Through one of those obscure processes not accessible to the likes of you and me, it seems that the back end of August has been designated that time in the calendar when films based on British TV sitcoms get released – the hipper, edgier ones, at least, for films cashing in on cosy old favourites like Dad’s Army and Absolutely Fabulous are permitted to wander off into the world at any old time. If we’re honest, the revival in this particular form is most likely down to the wholly unexpected success of the movie version of The Inbetweeners five years ago, but a revival there definitely has been.

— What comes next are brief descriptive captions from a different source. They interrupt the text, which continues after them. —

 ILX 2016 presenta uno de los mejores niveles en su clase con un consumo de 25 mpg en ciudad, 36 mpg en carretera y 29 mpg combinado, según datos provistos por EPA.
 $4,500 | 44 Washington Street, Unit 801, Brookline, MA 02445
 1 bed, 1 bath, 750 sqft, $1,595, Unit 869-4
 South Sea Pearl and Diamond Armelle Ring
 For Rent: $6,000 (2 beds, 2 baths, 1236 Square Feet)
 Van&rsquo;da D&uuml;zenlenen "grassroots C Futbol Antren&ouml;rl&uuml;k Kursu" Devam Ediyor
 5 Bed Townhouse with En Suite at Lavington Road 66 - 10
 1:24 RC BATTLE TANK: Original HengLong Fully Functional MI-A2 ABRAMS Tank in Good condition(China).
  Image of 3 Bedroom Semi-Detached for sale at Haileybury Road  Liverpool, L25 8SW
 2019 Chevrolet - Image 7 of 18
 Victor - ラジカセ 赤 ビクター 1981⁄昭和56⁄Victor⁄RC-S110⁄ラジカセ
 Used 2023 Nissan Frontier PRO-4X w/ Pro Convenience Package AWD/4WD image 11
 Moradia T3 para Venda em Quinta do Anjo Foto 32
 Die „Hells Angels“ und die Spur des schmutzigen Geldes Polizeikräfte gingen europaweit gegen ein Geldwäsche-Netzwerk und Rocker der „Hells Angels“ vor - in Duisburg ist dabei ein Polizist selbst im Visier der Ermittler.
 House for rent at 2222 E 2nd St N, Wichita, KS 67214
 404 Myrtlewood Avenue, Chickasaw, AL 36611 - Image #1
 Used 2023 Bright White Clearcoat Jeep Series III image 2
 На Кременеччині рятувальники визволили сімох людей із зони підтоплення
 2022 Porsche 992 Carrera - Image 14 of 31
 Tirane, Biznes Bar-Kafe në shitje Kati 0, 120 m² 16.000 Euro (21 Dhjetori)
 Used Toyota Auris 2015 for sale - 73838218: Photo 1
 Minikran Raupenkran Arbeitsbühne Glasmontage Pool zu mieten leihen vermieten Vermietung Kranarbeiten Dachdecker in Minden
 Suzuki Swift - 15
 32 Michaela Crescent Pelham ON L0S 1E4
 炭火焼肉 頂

Not much like The Inbetweeners and rather more like 2013’s Alan Partridge: Alpha Papa comes the latest attempt at this sort of thing, David Brent: Life on the Road, written, directed by, and starring Ricky Gervais. Gervais is insistent that this film is not ‘an Office movie’, despite the fact that it shares its central character with the BBC sitcom The Office (2001-3), the show which brought Gervais to stardom. Hmm, well. The thing about Alpha Papa was that it felt (to me at least) like a film that had missed its natural moment by a few years, and one in fact made solely because Coogan’s Hollywood career was showing signs of faltering and the actor was in need of a guaranteed hit. Is the same true of Gervais’ adventures in Hollywood? Hard to say, I suppose, but I don’t recall seeing him making a prominent appearance since Muppets Most Wanted.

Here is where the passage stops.